(Stored items from a collection)
=== Section Start ===

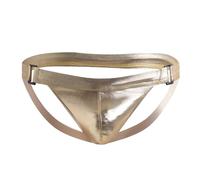 RUMAOZIA Calzoncillos para hombre, ropa interior sexy, cómodos, transpirables, elásticos, de microfibra, ropa interior atractiva, tanga, tanga, tanga, tanga baja, dorado, M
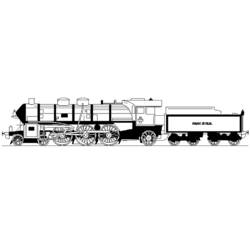 Malvorlage: Zug / Lokomotive (Transport) #135142 - Kostenlose Malvorlagen zum Ausdrucken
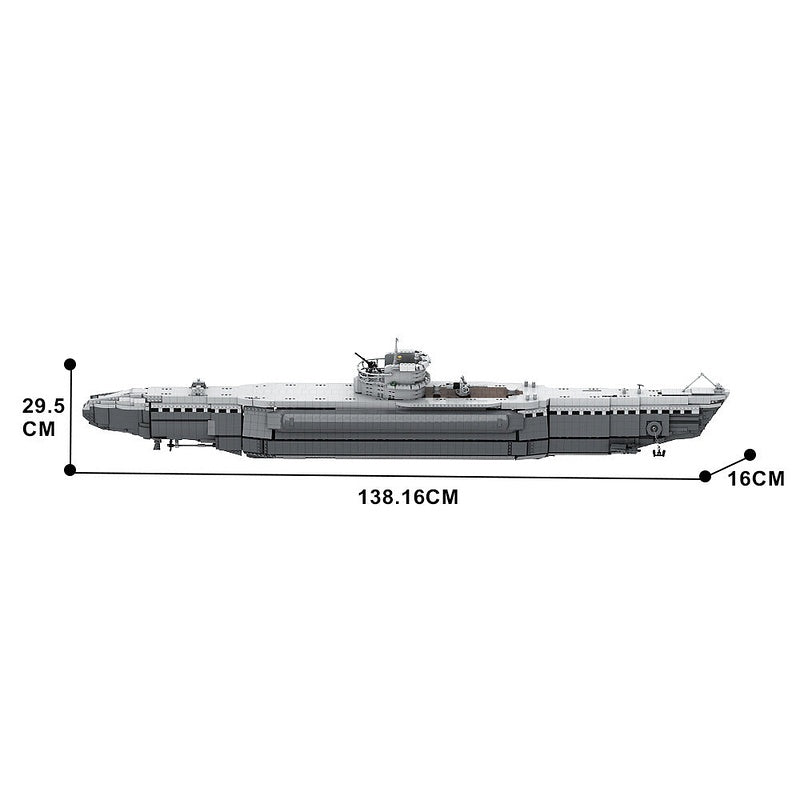 Type VIIB U-Boat MOC Building Kit - Historic Naval Submarine Construction Set - 4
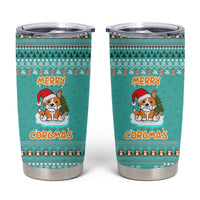Funny Dog Merry Corgmas Christmas Tumbler Cup Xmas Holiday Patterns - Wonder Print Shop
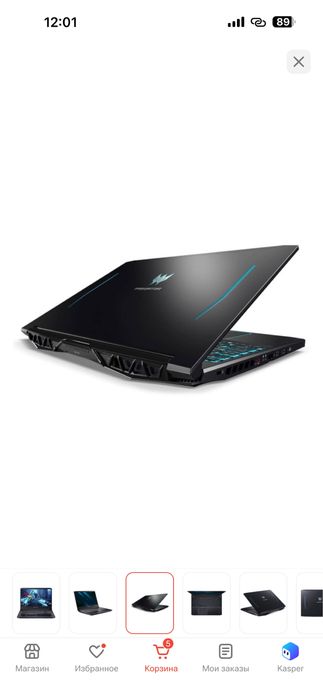 Мощный игровой ноутбук ACER PREDATOR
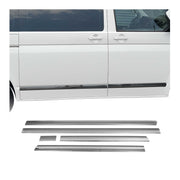 Baguette Latérale de porte pour VW T6 T6.1 Transporter 2015-2024 L1 chromé Foncé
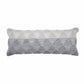 18" Gray and Beige Throw Pillow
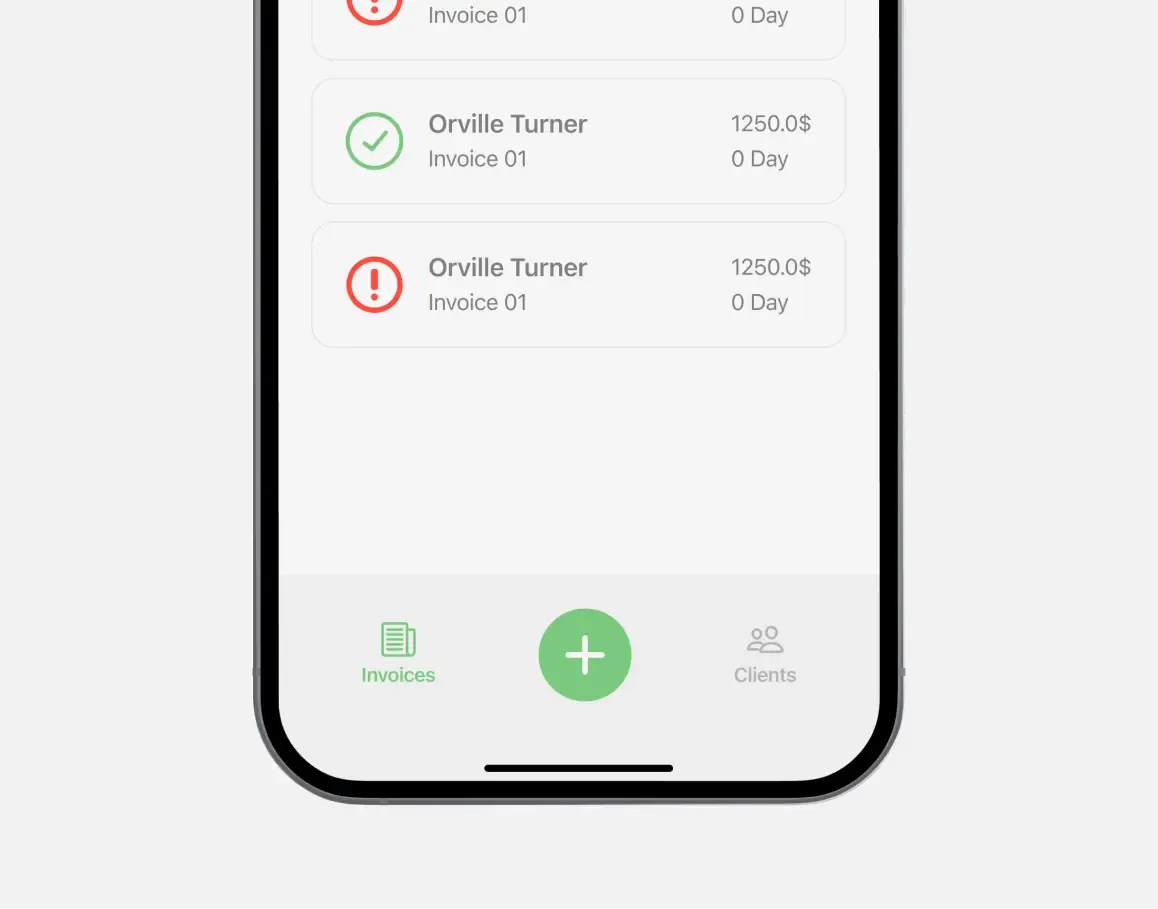 Invoice Maker detail or secondary feature screen displaying key business productivity functionality of the mobile app developed by Neon Apps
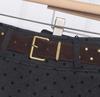 Polka Dot High-Waist Wool-Blend A-Line Mini Skirt for Women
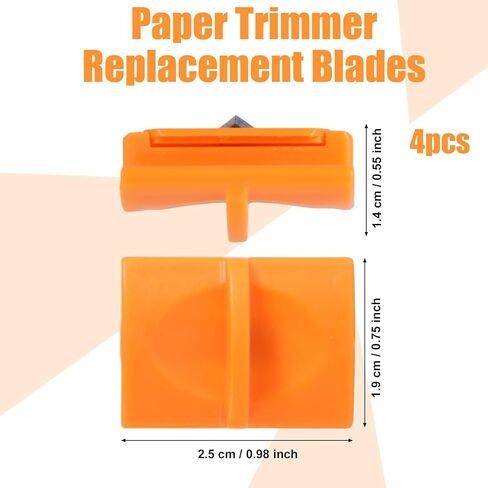 4pcs 157400-1001 Paper Trimmer Blades, Paper Cutter Replacement Blades Compatible with TripleTrack High Profile 12" Portable Trimmer Style I 1968701005 in Saudi Arabia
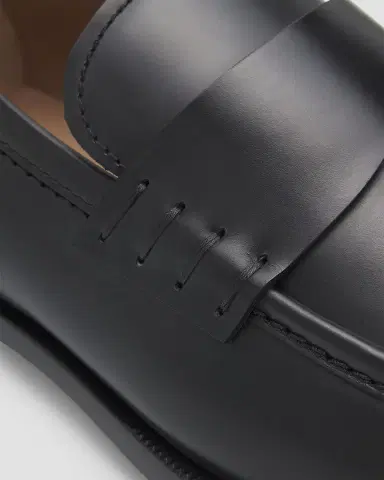 Gianvito Rossi Men's Preppy Leather Loafers | Thumbnail 3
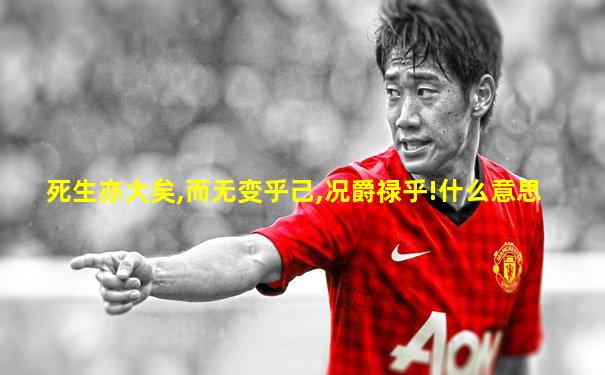 死生亦大矣,而无变乎己,况爵禄乎!什么意思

=== Section End ===

(Task to complete)
Would you transcribe, exactly and only, the lines from the one that contains "Baguette Latérale de" through the last line of the data above, without any pictures?

(Task output)
 Baguette Latérale de porte pour VW T6 T6.1 Transporter 2015-2024 L1 chromé Foncé
 18" Gray and Beige Throw Pillow
 Invoice Maker detail or secondary feature screen displaying key business productivity functionality of the mobile app developed by Neon Apps
 Polka Dot High-Waist Wool-Blend A-Line Mini Skirt for Women
 4pcs 157400-1001 Paper Trimmer Blades, Paper Cutter Replacement Blades Compatible with TripleTrack High Profile 12" Portable Trimmer Style I 1968701005 in Saudi Arabia
 Gianvito Rossi Men's Preppy Leather Loafers | Thumbnail 3
 死生亦大矣,而无变乎己,况爵禄乎!什么意思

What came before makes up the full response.